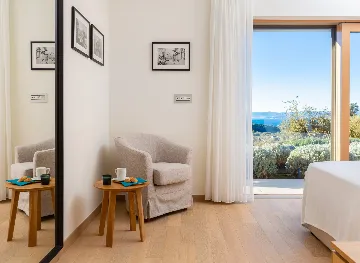 Spacious Villa Retreat with Pool on Brač Island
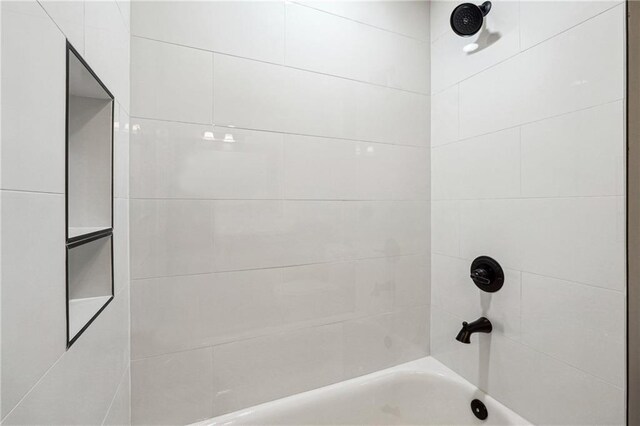 bathroom with tiled shower / bath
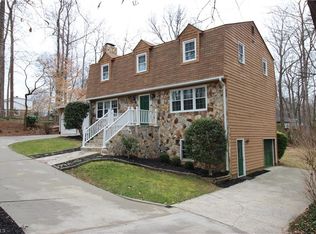 14 Devonshire Dr, Greensboro, NC 27410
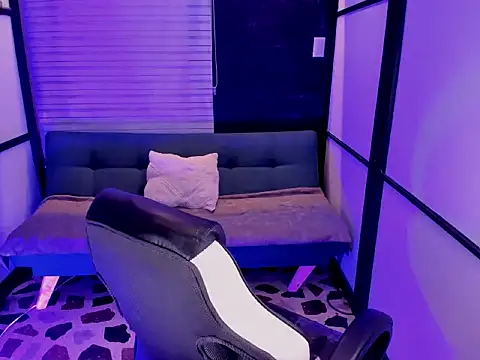 IsaacBlack  online show from October 7, 3:54 am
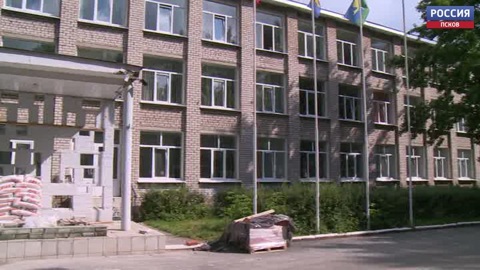Уроки в псковских начнут проводить в очном формате, несмотря на проводимый капремонт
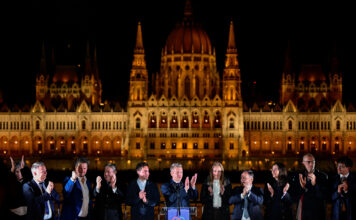 เหตุใดชาวฮังการีฉลองชัยเลือกตั้งยิ่งใหญ่ สิ้นสุดยุค ‘วิกเตอร์ ออร์บาน’ พันธมิตร ‘ทรัมป์-ปูติน’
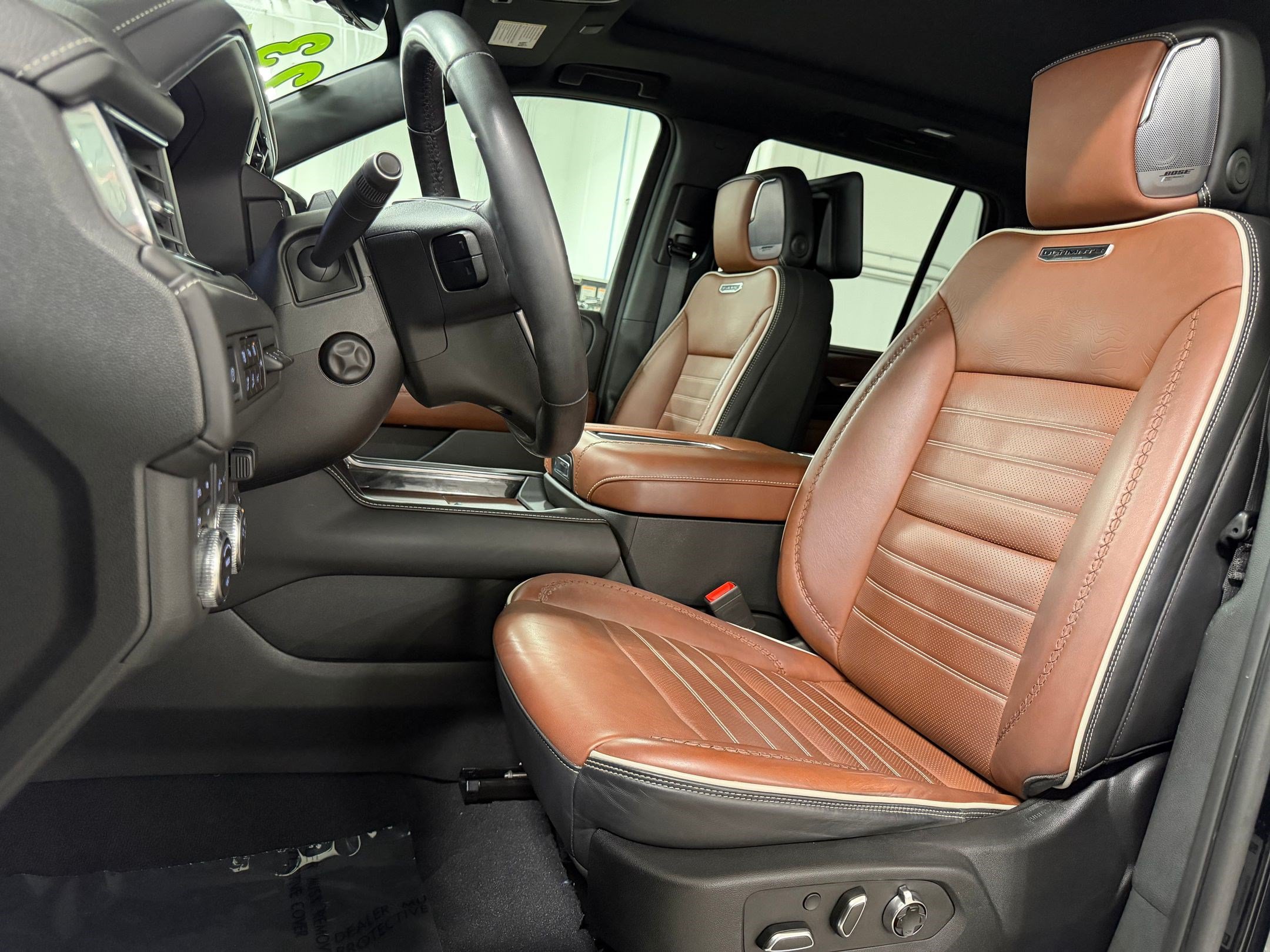 Used 2023 GMC Yukon Denali Ultimate AWD/4WD image 5
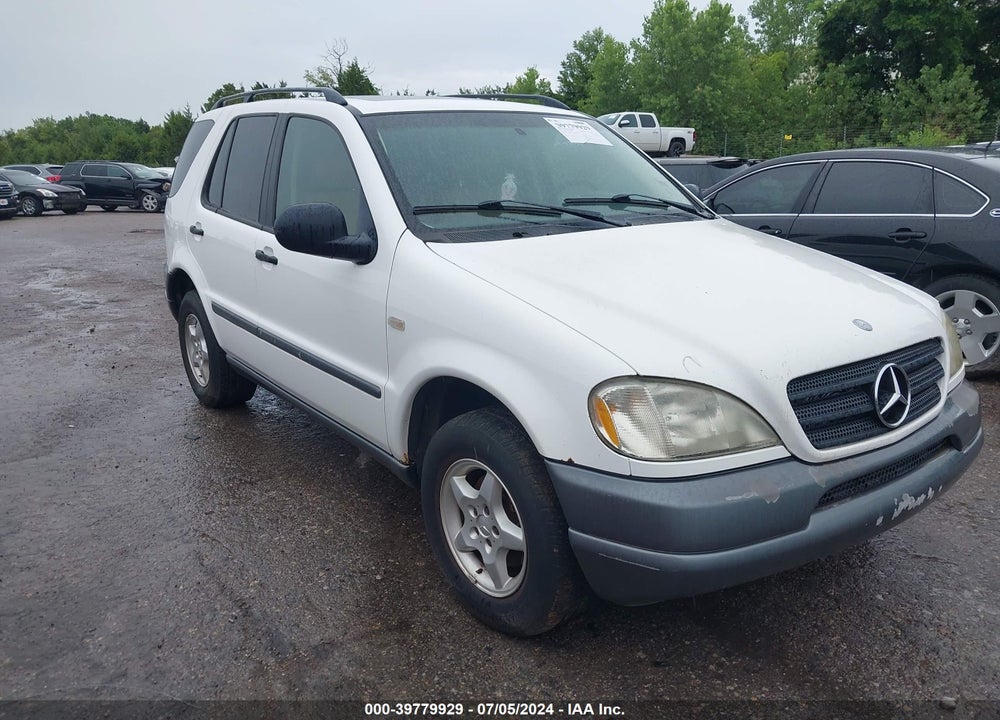 1999 MERCEDES-BENZ ML 320 VIN: 4JGAB54E2XA121808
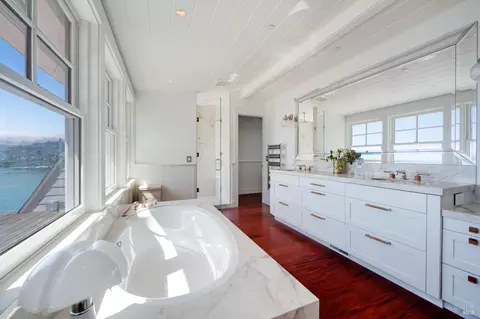 Bath - 22 Eucalyptus Rd, Belvedere, CA 94920 photo 6 of 14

# # # # # # #

Work instructions: Reproduce, word for word, every line from the one that contains "Used 2023 GMC" to the end of the data, including both ends; omit all pictures.

Exercise response:
 Used 2023 GMC Yukon Denali Ultimate AWD/4WD image 5
 1999 MERCEDES-BENZ ML 320 VIN: 4JGAB54E2XA121808
 Bath - 22 Eucalyptus Rd, Belvedere, CA 94920 photo 6 of 14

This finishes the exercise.